La salamandra estaba encendida, proveyendo de calor a toda la casa; la precaria y agradable casa, mientras crepitaban los leños en su barriga. Sus dos habitantes -el y ella- disfrutaban del confortable calor mientras ella leía una novela de cierto escritor inglés, y él miraba por la ventana el sol justo encima de los pinos que, en el horizonte, separaban esta porción de tierra de otras como un meridiano tangible.
Ella no tenía apuros ni preocupaciones. Leía. No sabía si prepararía la cena, probablemente no; ya que este era un día más, como cualquier otro. Si no hubiera estado sola, si dependiera de algo más, probablemente habría ya contado las hojas que faltaban para terminar el capítulo y, en base a ello, calculado el tiempo que tendría para cocinar. No era el caso.
Si hubiera estado con alguien más, habría contado las hojas del capítulo a leer para saber si tenía tiempo de terminarlo hoy: porque, ya saben, si son demasiadas entonces se le haría demasiado tarde para preparar la cena. Porque no puede dejárselo por la mitad. Porque allí no había relojes y, sin embargo, se hacía tarde. El tiempo transcurre aunque no lo midamos y ella lo sabe. A él no le importa el tiempo, no lo conoce porque no sabe contar (medir). Paradójico ya que debería ser a quien más preocupe.
No, no cocinará… se tomará unos mates, que tan bien vienen con el frío. Adentro no hace frío pero afuera sí. Correrá la ollita de encima de la salamandra y pondrá la pava; pero cuando termine de leer ese capítulo, el de hoy. No es que él sea poco servicial pero no podía pedírselo por razones más que obvias.
Ella le daba todo lo que él necesitaba pero no exigía nada a cambio. Aunque muchas veces le hubiera gustado disfrutar del libro del escritor inglés con alguien que le cebara mates… dulces, amargos, hervidos, con naranja, …

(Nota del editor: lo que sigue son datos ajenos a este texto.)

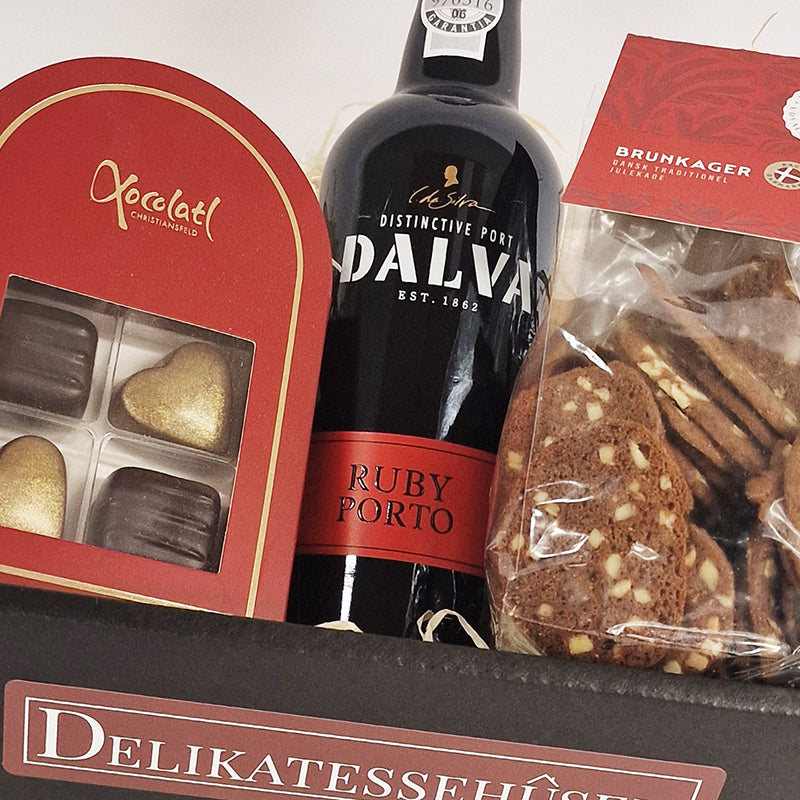 Lille gavekurv med portvin, småkager og chokolade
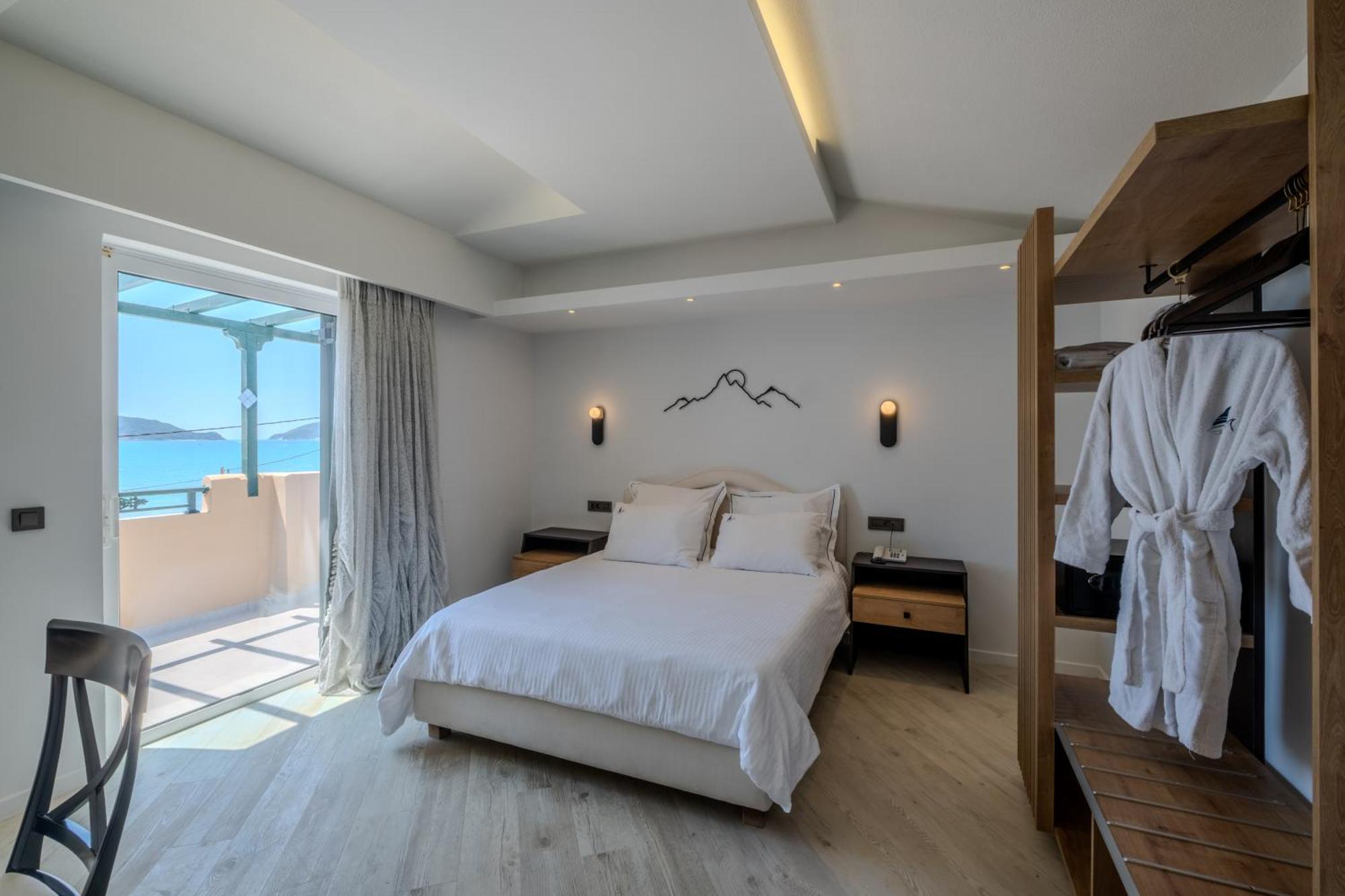 Deluxe Suite Sea View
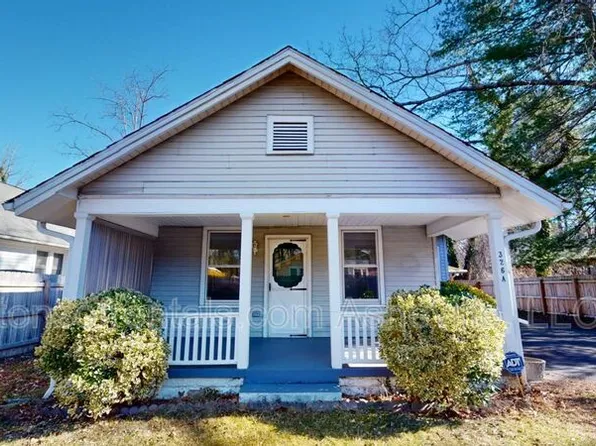 326 Spring St APT A, Hendersonville, NC 28739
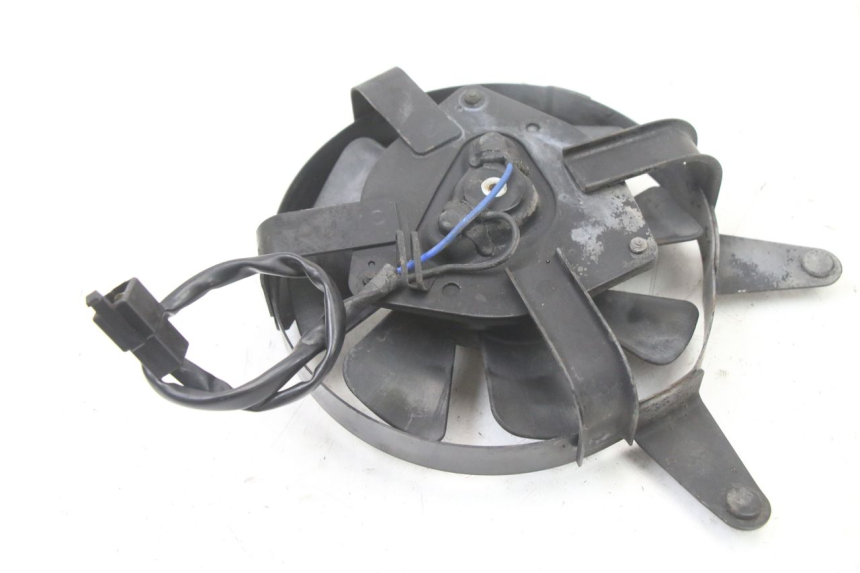 photo de LüFTER YAMAHA FZS FAZER 600 (2001 - 2003)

Se levantó de su sillón mientras cerraba el libro y marcaba con el señalador (la sota de copas de alguna baraja mutilada). Él se sobresaltó e interrumpió su silenciosa contemplación del cielo rojizo que ya había perdido a su principal astro para verla. El libro sobre el sillón significaba que continuaría con otro capítulo, hoy.
El aroma de las hojas de eucalipto que había juntado más temprano -no hace falta decir que ella-, fuera del refugio, saturaba cada rincón del pequeño ranchito. Las hojas ya se habían hundido y presentaban un color negruzco, signo de haber hervido largo rato en el agua. Corrió la ollita, como cualquier otro día, como todos. Puso la pava.
Él sabía esperar pero, más aún, sabía qué esperar. Ella sabía esperar pero, más aún, sabía cuánto esperar. Ambos sabían donde y como esperar. El ritual estaba predefinido, había nacido un día que fue cualquier otro día, como todos. Ella se acercaría a la ventana y le acariciaría suavemente mientras miraba el cielo negro y no a él; porque ya sabía donde estaba.
Este era un día como cualquier otro, como todos; es por eso que él sabía lo que venía después, que ella sabía que él se refregaría por su mano mientras lo acariciaba. Él sabía que ella se sentaría con el libro del escritor inglés a leer otro capítulo, con el termo y el mate a un lado para cebarse uno de vez en cuando. Ella sabía que él se sentaría en su regazo. Él sabía que ella no le cebaría mates. Ella sabía que él ronronearía como tanto le gustaba.
Porque él era un gato y ella, una persona.